State Department of Economic and Community Development Commissioner David Lehman said the museum is "just one part of a larger effort to support a renewed vibrancy here in this city," citing the work at Electric Boat across the river and the State Pier renovation.

Among the attendees were many Coast Guard veterans, and for some, it was a reunion. Two retirees who worked together at an air station in the 80s and 90s bumped into each other, respectively coming to the event from their homes in North Carolina and Willimantic.

Retired Master Chief Petty Officer Vincent W. Patton III recalled when he was active duty in 1999, serving as the senior enlisted member of the Coast Guard, then-Commandant Adm. James Loy summoned him into his office and asked, "What do you think about building a national Coast Guard Museum?"

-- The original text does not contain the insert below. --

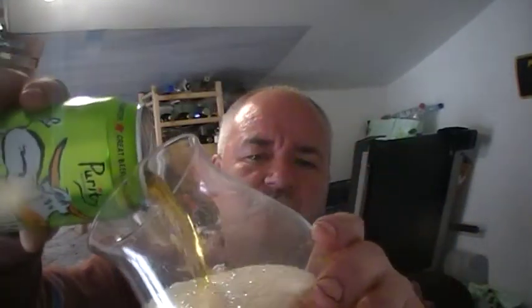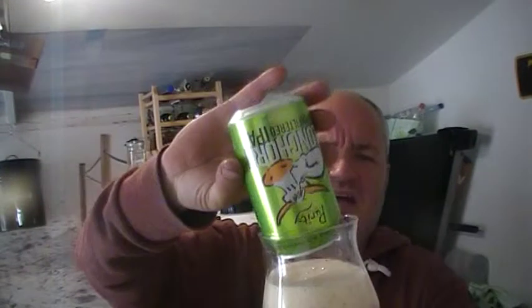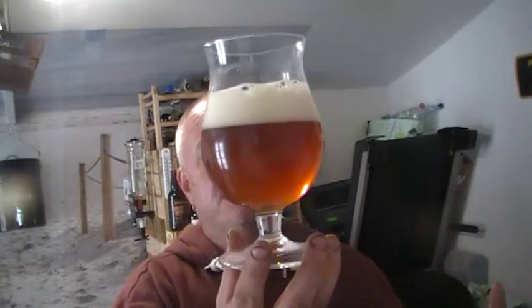We'll crack it open. I can't remember where I got it from — I think it was Asda. Purity, the brewing company, they're the makers of Ubu, which is probably their flagship brand. Nice amber pour, hazy amber pour, white head — and it's definitely hazy.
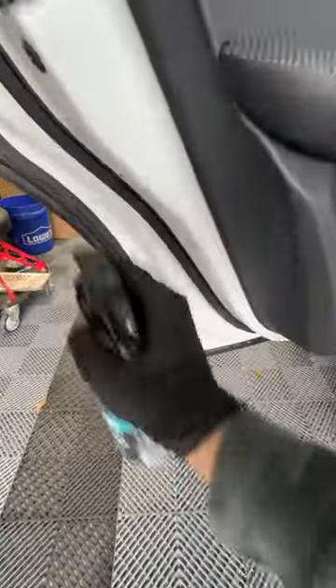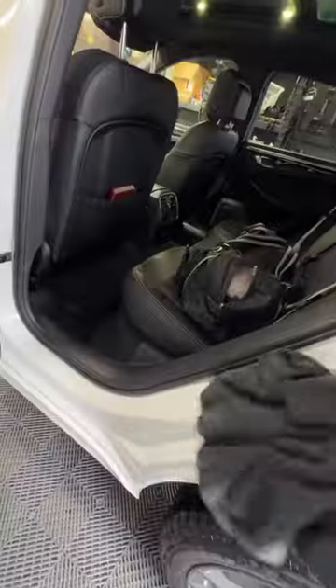After rinsing out your door jams after a wash, you can come in with some Ethos Defy. It's going to clean any bits of dirt you might have missed along the way. It's going to condition those seals, the plastics, all that good stuff. And it's going to protect that paint by leaving behind its sealant that's in the formula. Does a great job.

As evidenced by the two-plus decades since, Patton noted that was easier said than done, with the need to identify a location and identify where to get funding. And being at the ceremony Friday made him emotional.

"In two years when the doors open, I will be even more emotional than I am today," Patton said. "I cried, because I though back to the 20 years of the toil and efforts."

The ceremony Friday was also an opportunity for guests to sign the waler, a horizontal support that will go underwater to support the expanded footprint.

"When building a ship, the 'keel-laying' is a long-recognized tradition of laying down the ship 's backbone to mark the start of construction," said Master of Ceremonies Cmdr. Krystyn Pecora, external affairs officer at the Coast Guard Academy. "Today we'll draw from this shipbuilding tradition as we lay a new foundation that will show and tell the Coast Guard's story into the future."

The Coast Guard on Friday also presented the Distinguished Public Service Award to Susan Curtin, who has served as chairwoman of the museum association's board of directors since 2018.

"I naively got involved in this project about seven years ago, along with my father, and I could have never predicted the journey we'd be on," Curtin said.

Also speaking at the ceremony were Sen. Richard Blumenthal, D-Conn., and Rep. Rosa DeLauro, D-3rd District, chairwoman of the House Appropriations Committee.